As the second lecture of the School of Foreign Languages Academic Frontier and 110th Anniversary Lecture Series, Professor Chen Xianglan of the University of International Business and Economics gave an academic lecture Generation and Extension of Academic Inspiration in Room 326 of Foreign Languages Building in the afternoon of September 19. Vice President He Shaobin presided over the lecture, and some teachers and graduate students of the college attended.
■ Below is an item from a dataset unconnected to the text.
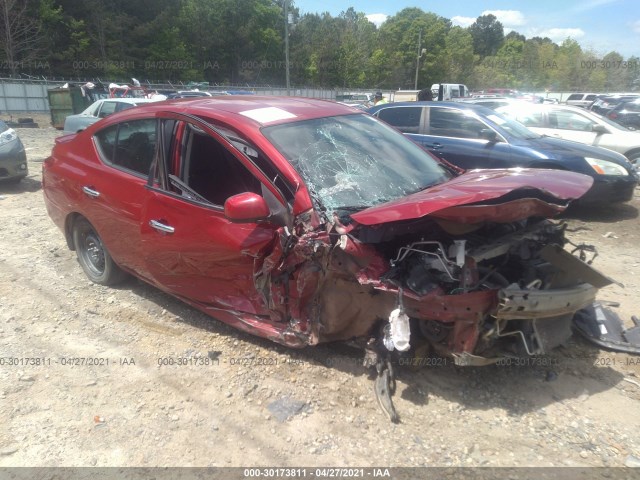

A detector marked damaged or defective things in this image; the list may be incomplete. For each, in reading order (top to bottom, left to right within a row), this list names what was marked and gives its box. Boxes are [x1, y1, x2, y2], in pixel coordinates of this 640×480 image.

wrecked red car [43, 96, 608, 368]
shattered windshield [262, 114, 450, 214]
crumpled hood [348, 168, 592, 226]
detached bumper piece [572, 302, 640, 354]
Professor Chen's lecture elaborated the topic in three parts. The first part is the novelty and interest of inspiration. Prof. Chen started from the internet buzzwords and told everyone to be sensitive to the things around and good at discovery. The second part is the extension of academic inspiration and updating of methods. Prof. Chen cited many vivid examples, such as the relationship between part and whole, metaphor and context, to illustrate that research methods should be constantly updated and materials should be collected, vividly illustrating that academics are not as difficult as students think. The third part focuses on the relationship between academic inspiration and interdisciplinarity. Engaging in research cannot be confined to just one current discipline, and Professor Chen takes himself as an example of his own research on the combination of language and psychology, the extension of the objective and the micro, and the application of theory and empirical evidence. The core of academic writing is based on academic inspiration, which comes from reading, from accumulation and observation of life, from careful listening, from diligent thinking and writing, and from continuous innovation of scientific research methods.
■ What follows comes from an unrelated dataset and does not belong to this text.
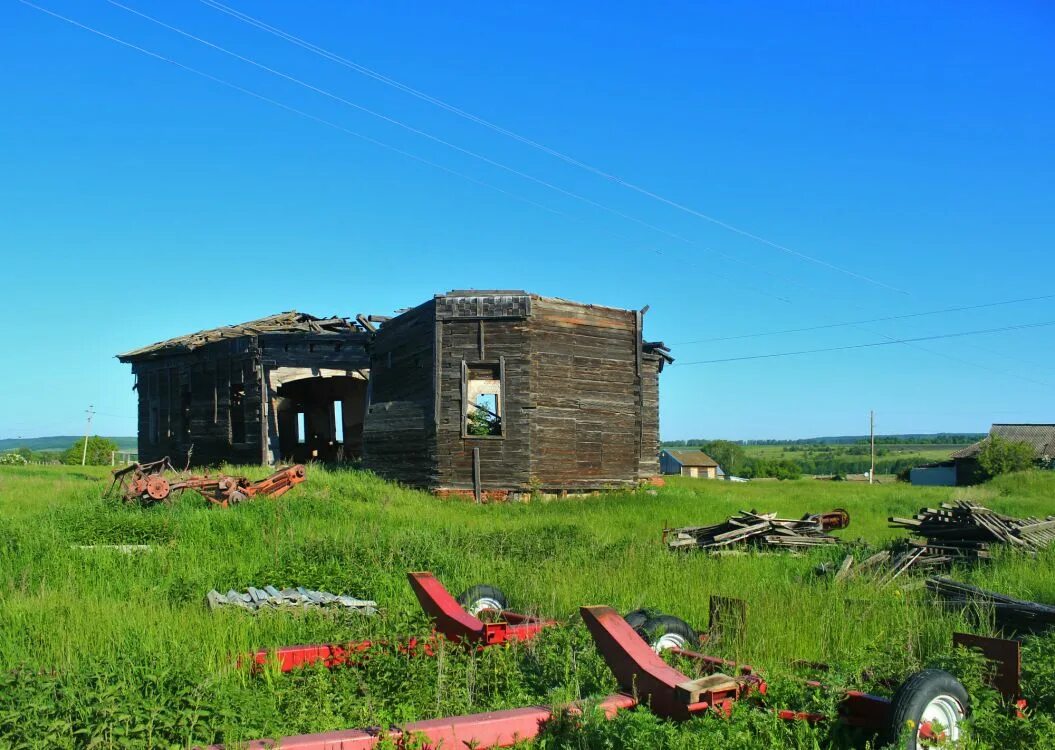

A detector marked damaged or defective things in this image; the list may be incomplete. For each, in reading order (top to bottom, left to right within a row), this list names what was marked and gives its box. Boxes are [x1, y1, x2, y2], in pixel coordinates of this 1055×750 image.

broken roof [118, 308, 366, 362]
broken roof [664, 450, 720, 468]
broken roof [948, 426, 1055, 462]
rusty machinery part [816, 508, 848, 532]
Prof. Chen's lively and in-depth lecture made everyone understand that academic writing is by no means unattainable, and that it is necessary to find academic writing inspiration from reading and scientific breakthroughs from methodological updates. The lecture discussed the excavation and extension of academic ideas with concrete examples, which gave great encouragement and impetus to teachers and students, especially graduate students to carry out research with innovative ideas.